*** Exercise data

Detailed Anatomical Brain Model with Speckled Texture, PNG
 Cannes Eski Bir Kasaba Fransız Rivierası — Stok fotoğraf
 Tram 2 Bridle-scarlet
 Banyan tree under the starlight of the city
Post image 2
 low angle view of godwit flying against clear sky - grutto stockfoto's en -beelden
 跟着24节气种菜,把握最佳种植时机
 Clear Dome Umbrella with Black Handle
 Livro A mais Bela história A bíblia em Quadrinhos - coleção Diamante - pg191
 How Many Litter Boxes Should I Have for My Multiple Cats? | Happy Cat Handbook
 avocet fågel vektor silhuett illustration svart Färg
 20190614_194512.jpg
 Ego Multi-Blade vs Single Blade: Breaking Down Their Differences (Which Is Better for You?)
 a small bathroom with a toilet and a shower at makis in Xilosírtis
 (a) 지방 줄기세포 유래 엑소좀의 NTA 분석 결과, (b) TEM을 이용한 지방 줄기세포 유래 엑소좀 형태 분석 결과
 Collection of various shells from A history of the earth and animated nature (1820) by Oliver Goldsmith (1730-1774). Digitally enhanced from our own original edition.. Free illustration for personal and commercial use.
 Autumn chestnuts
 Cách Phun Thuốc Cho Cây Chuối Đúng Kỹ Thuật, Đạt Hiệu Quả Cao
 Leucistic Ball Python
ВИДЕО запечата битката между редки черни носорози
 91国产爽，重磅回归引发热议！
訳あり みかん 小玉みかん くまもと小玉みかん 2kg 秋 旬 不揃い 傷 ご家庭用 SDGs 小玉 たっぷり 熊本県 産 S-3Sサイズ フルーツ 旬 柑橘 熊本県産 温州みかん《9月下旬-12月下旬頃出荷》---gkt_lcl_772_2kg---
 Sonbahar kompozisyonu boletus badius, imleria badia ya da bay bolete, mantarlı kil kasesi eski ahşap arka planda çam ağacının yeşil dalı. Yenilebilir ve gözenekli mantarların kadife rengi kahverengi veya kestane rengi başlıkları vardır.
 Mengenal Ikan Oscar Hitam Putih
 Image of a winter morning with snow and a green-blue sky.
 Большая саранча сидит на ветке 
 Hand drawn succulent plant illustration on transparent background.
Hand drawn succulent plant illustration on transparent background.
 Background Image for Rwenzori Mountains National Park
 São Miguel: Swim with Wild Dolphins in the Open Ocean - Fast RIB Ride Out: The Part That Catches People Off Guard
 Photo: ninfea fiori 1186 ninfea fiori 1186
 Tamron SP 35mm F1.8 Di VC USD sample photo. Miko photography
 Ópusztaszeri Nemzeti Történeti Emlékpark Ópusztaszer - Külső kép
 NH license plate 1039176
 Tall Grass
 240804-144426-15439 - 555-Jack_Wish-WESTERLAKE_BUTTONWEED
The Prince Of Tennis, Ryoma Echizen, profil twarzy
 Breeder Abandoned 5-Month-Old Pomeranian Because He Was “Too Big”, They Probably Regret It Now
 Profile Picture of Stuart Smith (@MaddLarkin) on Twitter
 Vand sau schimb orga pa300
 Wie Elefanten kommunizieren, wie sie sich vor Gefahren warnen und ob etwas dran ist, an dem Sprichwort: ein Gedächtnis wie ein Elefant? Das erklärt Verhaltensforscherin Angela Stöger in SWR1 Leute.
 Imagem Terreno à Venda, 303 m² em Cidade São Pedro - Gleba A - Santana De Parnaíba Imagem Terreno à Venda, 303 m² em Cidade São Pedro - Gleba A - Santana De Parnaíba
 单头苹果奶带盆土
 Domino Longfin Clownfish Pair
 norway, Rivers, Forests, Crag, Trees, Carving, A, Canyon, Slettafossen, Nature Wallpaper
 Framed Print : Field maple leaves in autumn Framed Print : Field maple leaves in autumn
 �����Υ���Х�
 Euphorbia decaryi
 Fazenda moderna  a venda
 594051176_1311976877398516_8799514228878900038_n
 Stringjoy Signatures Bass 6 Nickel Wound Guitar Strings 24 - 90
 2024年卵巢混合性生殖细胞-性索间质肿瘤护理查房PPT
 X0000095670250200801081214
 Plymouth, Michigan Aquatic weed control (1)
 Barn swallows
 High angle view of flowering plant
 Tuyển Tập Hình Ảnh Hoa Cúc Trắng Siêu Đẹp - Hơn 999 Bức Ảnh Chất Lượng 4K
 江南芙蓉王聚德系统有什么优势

******

_Task to complete:_ Lines holding the word "illustration" in the entries above are the ones to pull out. Copy them all.

_Output of the exercise:_
 avocet fågel vektor silhuett illustration svart Färg
 Collection of various shells from A history of the earth and animated nature (1820) by Oliver Goldsmith (1730-1774). Digitally enhanced from our own original edition.. Free illustration for personal and commercial use.
 Hand drawn succulent plant illustration on transparent background.
Hand drawn succulent plant illustration on transparent background.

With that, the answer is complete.